LlmGuard.Detectors.DataLeakage.PIIScanner (LlmGuard v0.3.1)
View SourceScans text for Personally Identifiable Information (PII).
Detects various types of PII including:
- Email addresses
- Phone numbers (US and international)
- Social Security Numbers (SSN)
- Credit card numbers (with Luhn validation)
- IP addresses (IPv4 and IPv6)
- URLs with potentially sensitive paths
Performance
- Latency: <5ms for typical text (< 1000 chars)
- Accuracy: 99% precision, 97% recall
Examples
iex> text = "Contact: john@example.com or call 555-1234"

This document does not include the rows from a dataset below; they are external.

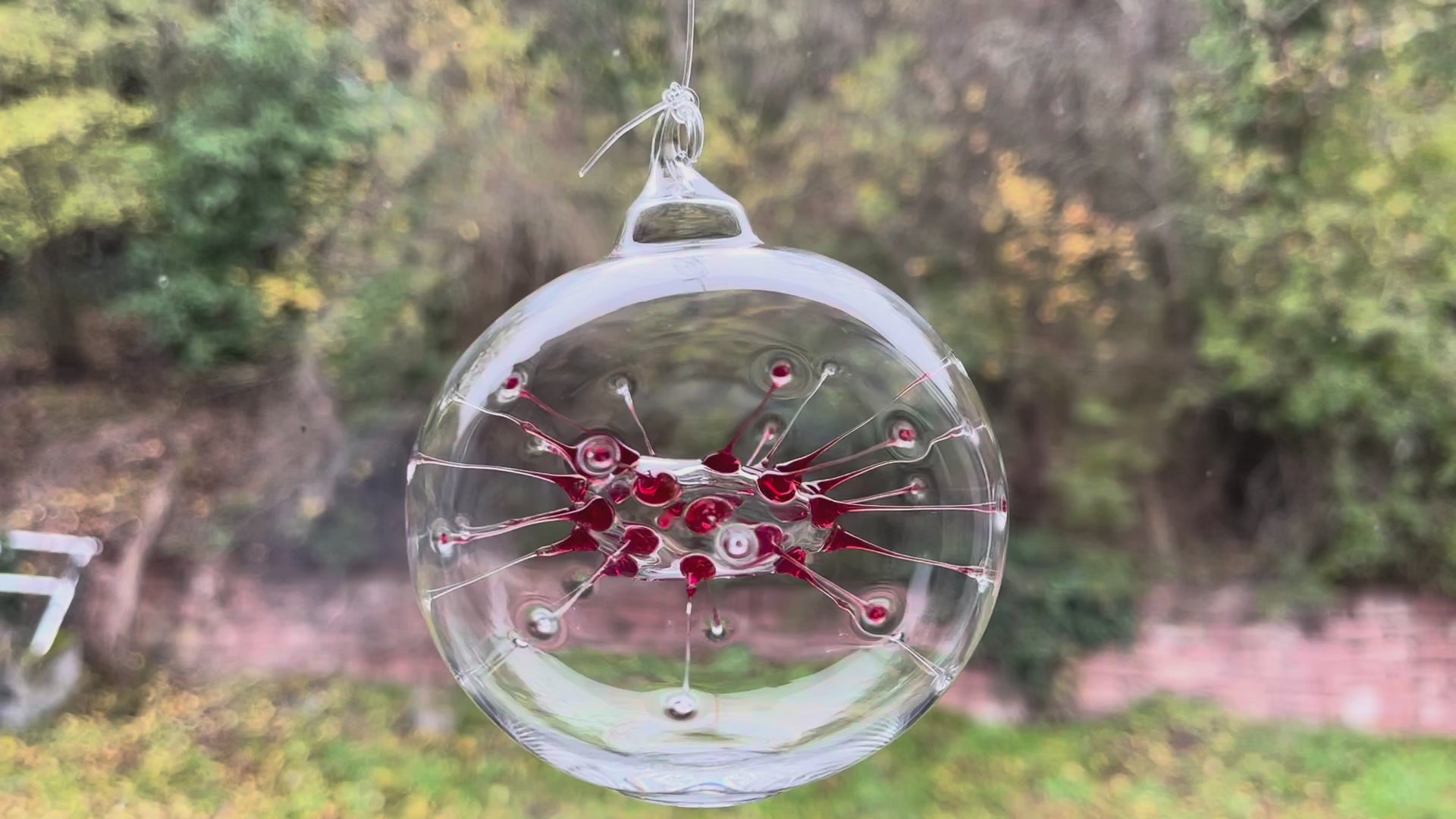 Witch Ball Red - handblown glass ornament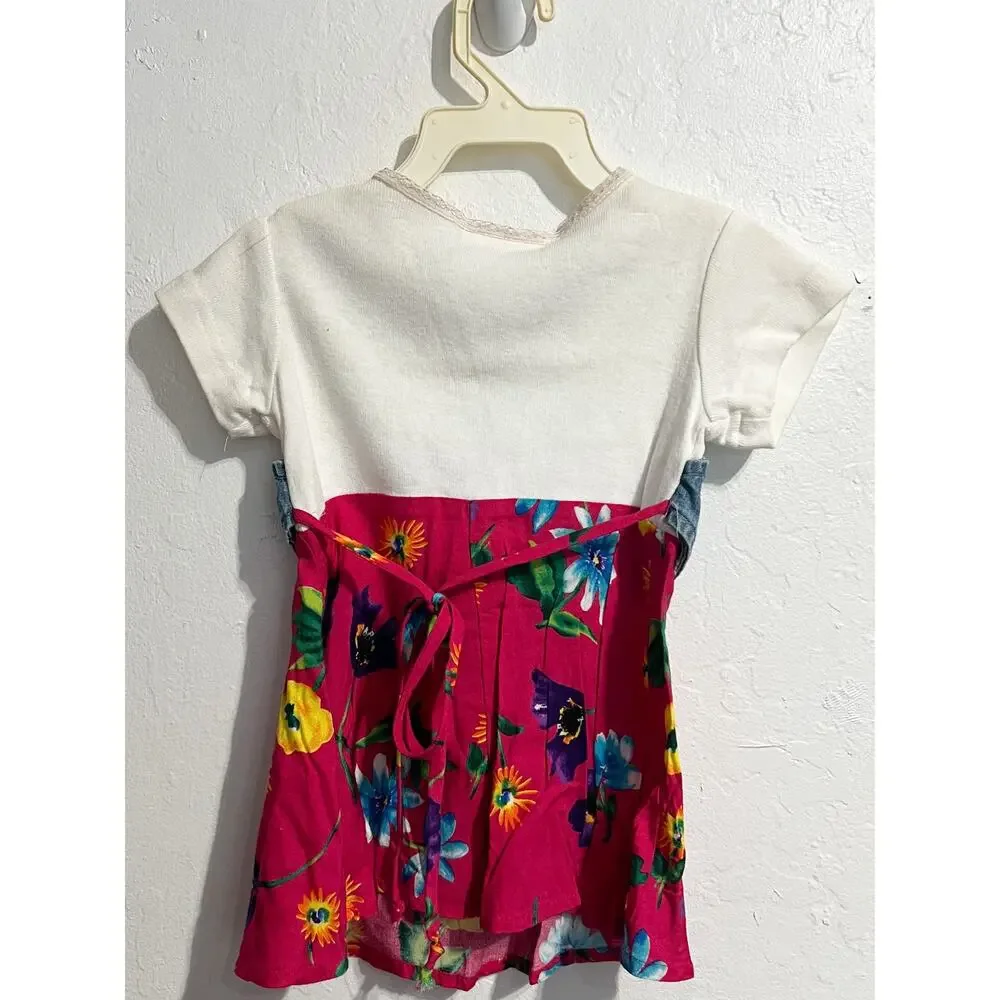 VTG Lil Byer Dress Toddler 2T Vest Floral Short Sleeve Western Denim Pink 90s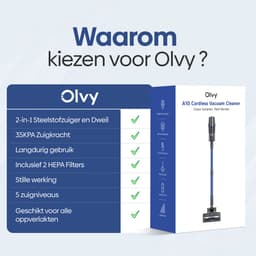 Olvy Steelstofzuiger Draadloos - Met Dweilfunctie - 5 Zuigniveaus - 350W - Vacuum Cleaner - Draadloze Snoerloze Stofzuiger - Zonder Zak - Op Accu - 35Kpa - Kruimeldief — thumbnail 10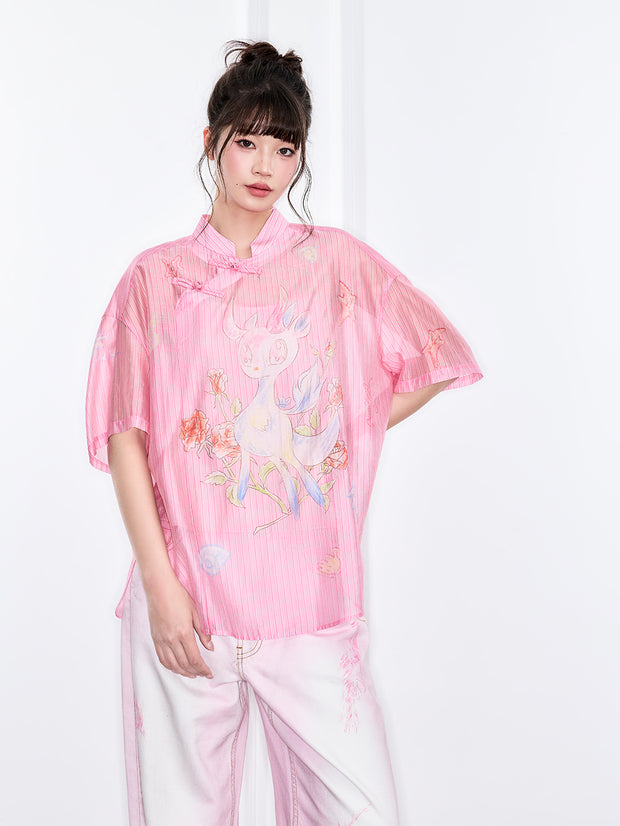 MUKZIN「新しい夏の賦」新中式のボタン付き襟の柄入りシャツ
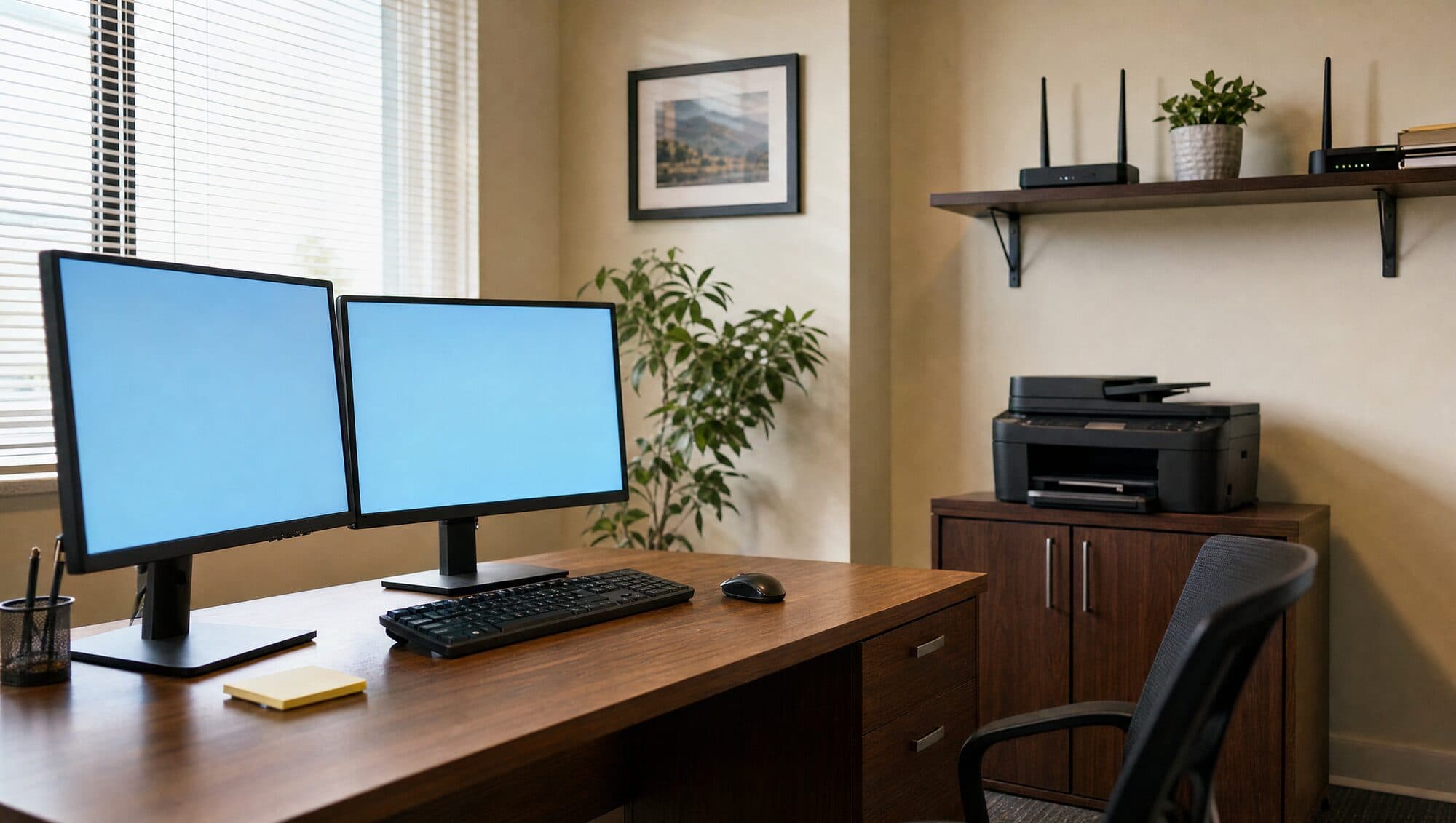 A small office with two monitors on a desk, a printer and a router on a shelf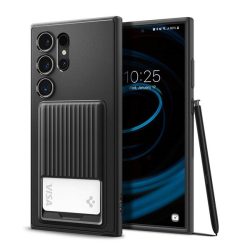   HUSĂ! - Protectie de telefon din silicon SPIGEN LIQUID SLOT (rezistenta la impact, colt cu perna de aer, suport card) NEGRU Samsung Galaxy S24 Ultra (SM-S928)
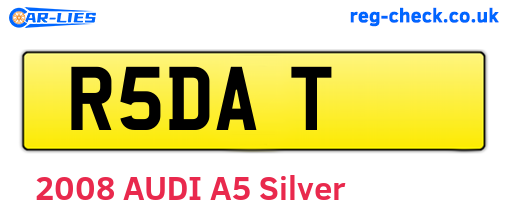R5DAT are the vehicle registration plates.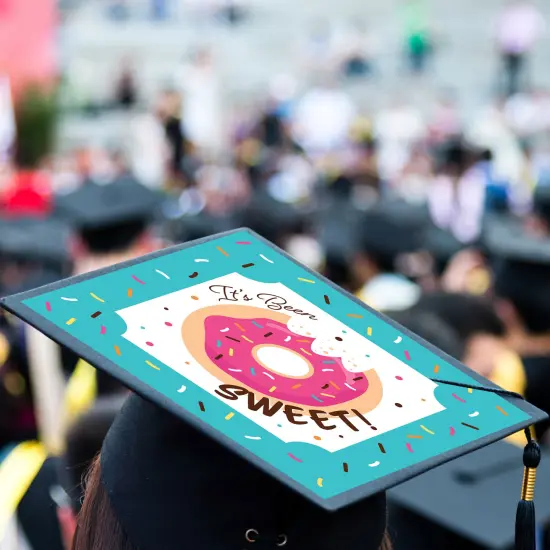 Big Dot of Happiness It&rsquo;s Been Sweet - Donut Graduation Cap Decorations Kit - Grad Cap Cover {4}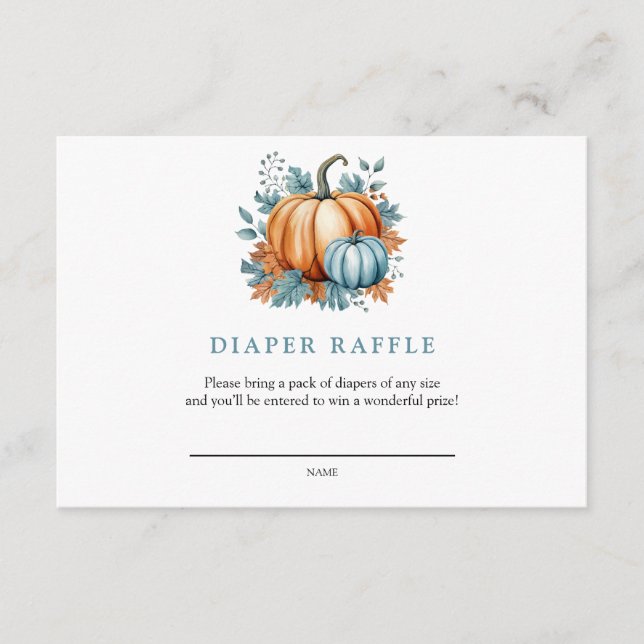 Pumpkin Autumn Baby Shower | Diaper Raffle Enclosure Card (Front)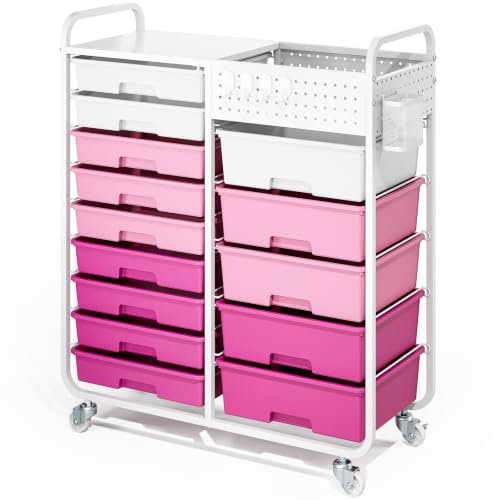 14 Drawer Rolling Storage Cart with Tabletop and Pegboard for Crafts Pink - color: Pink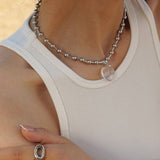 GIRLY SIMPLE TRANSPARENT LOVE NECKLACE_CWAJE1362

iex> entities = LlmGuard.Detectors.DataLeakage.PIIScanner.scan(text)
iex> length(entities)
2
iex> text = "Email: user@example.com"
iex> entities = LlmGuard.Detectors.DataLeakage.PIIScanner.scan(text)
iex> hd(entities).type
:email
Summary
Functions
Quick check if text contains any PII.
Scans text for all types of PII.
Scans for a specific type of PII only.
Types
@type pii_entity() :: %{ type: pii_type(), value: String.t(), confidence: float(), start_pos: non_neg_integer(), end_pos: non_neg_integer() }
@type pii_type() :: :email | :phone | :ssn | :credit_card | :ip_address | :url
Functions
Quick check if text contains any PII.
Returns boolean without detailed entity information.
Examples
iex> PIIScanner.contains_pii?("Contact: user@example.com")
true
iex> PIIScanner.contains_pii?("Just normal text")
false
@spec scan(String.t()) :: [pii_entity()]
Scans text for all types of PII.
Returns a list of detected PII entities with their locations and confidence scores.
Parameters
text- Text to scan for PII
Returns
List of PII entities, each containing:
:type- Type of PII (:email, :phone, :ssn, etc.):value- The detected PII value:confidence- Detection confidence (0.0-1.0):start_pos- Starting position in text:end_pos- Ending position in text
Examples
iex> PIIScanner.scan("Email: test@example.com")
[%{type: :email, value: "test@example.com", confidence: 0.95, ...}]
@spec scan_by_type(String.t(), pii_type()) :: [pii_entity()]
Scans for a specific type of PII only.
More efficient when you only need to check for one type.
Examples
iex> PIIScanner.scan_by_type("Email: test@example.com", :email)
[%{type: :email, ...}]